### Given records:
★ ★ ★ ★

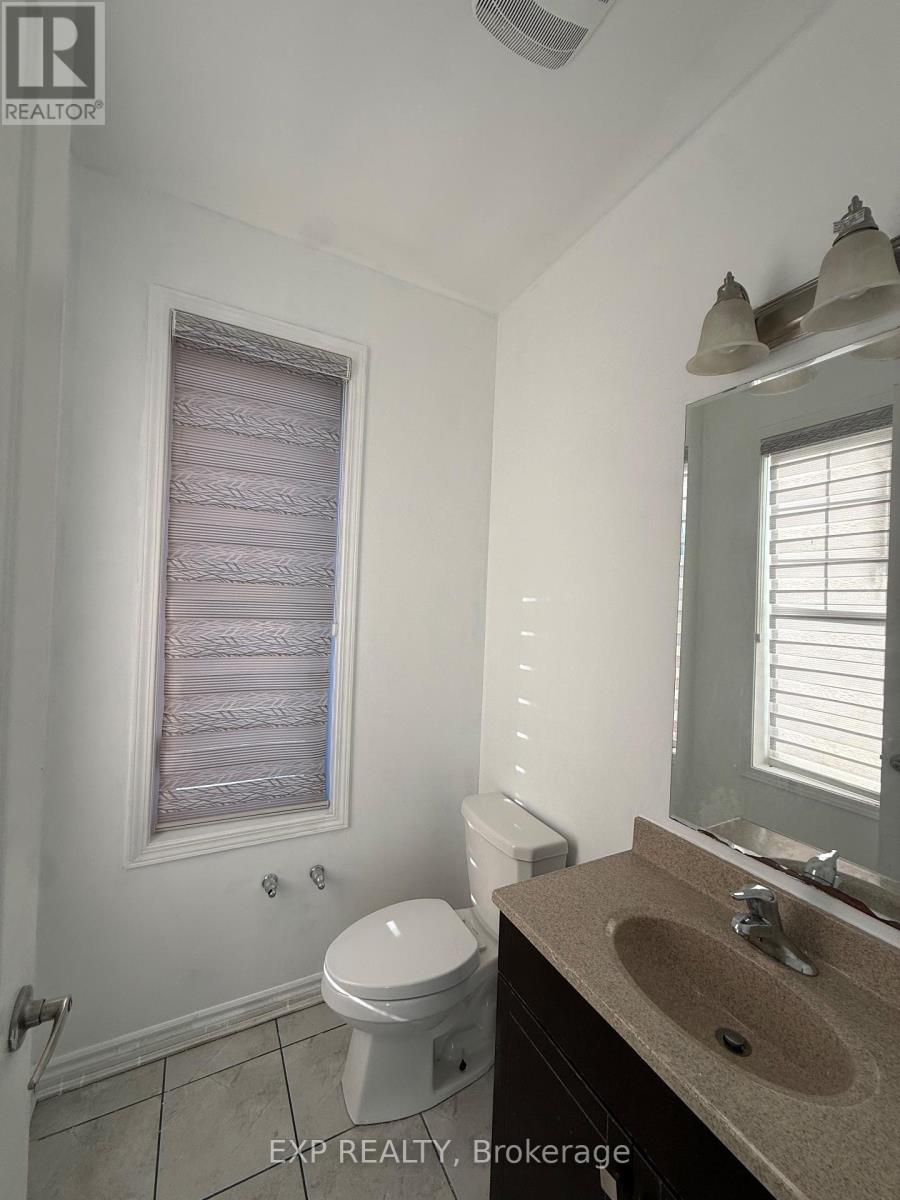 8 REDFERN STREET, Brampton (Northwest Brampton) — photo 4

★ ★ ★ ★

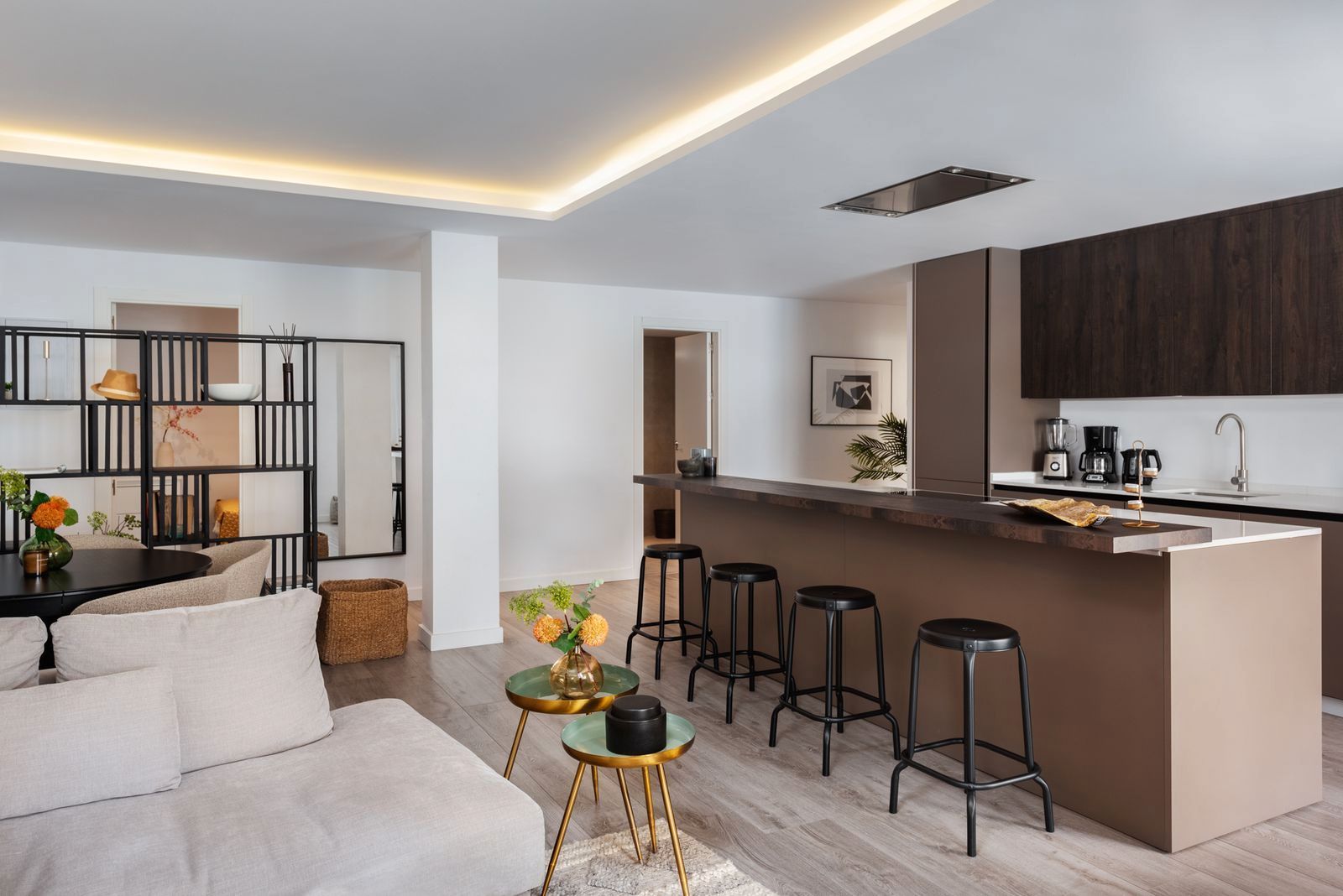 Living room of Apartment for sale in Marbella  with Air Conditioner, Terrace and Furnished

★ ★ ★ ★

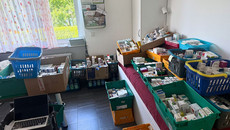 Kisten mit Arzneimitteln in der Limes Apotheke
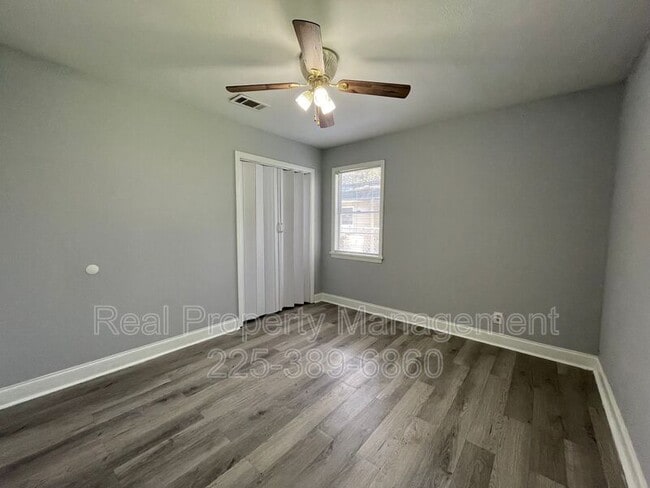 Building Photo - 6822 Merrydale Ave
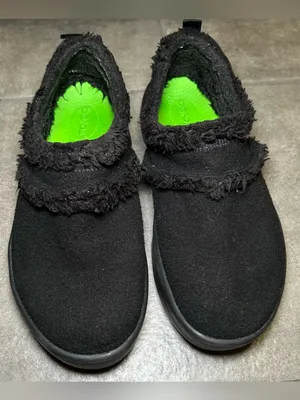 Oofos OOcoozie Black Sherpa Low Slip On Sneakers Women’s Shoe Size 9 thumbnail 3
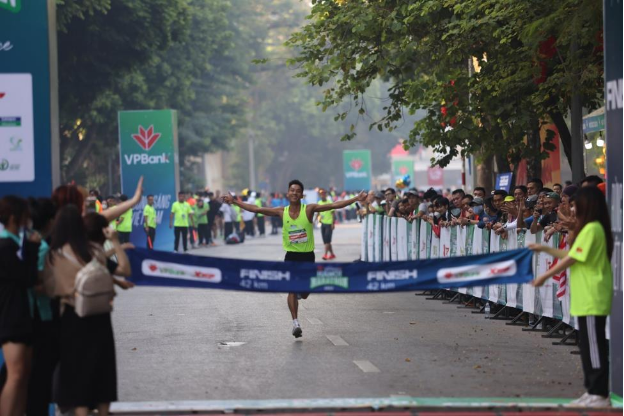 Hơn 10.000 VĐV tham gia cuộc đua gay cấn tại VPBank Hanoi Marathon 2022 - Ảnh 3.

★ ★ ★ ★

### About this exercise:
Because only one stretch of the records is wanted, please output the lines from the one holding "Oofos OOcoozie Black" through the one holding "Hơn 10.000 VĐV" exactly, both included, and leave every picture out.

### Solution to this task:
 Oofos OOcoozie Black Sherpa Low Slip On Sneakers Women’s Shoe Size 9 thumbnail 3
 Hơn 10.000 VĐV tham gia cuộc đua gay cấn tại VPBank Hanoi Marathon 2022 - Ảnh 3.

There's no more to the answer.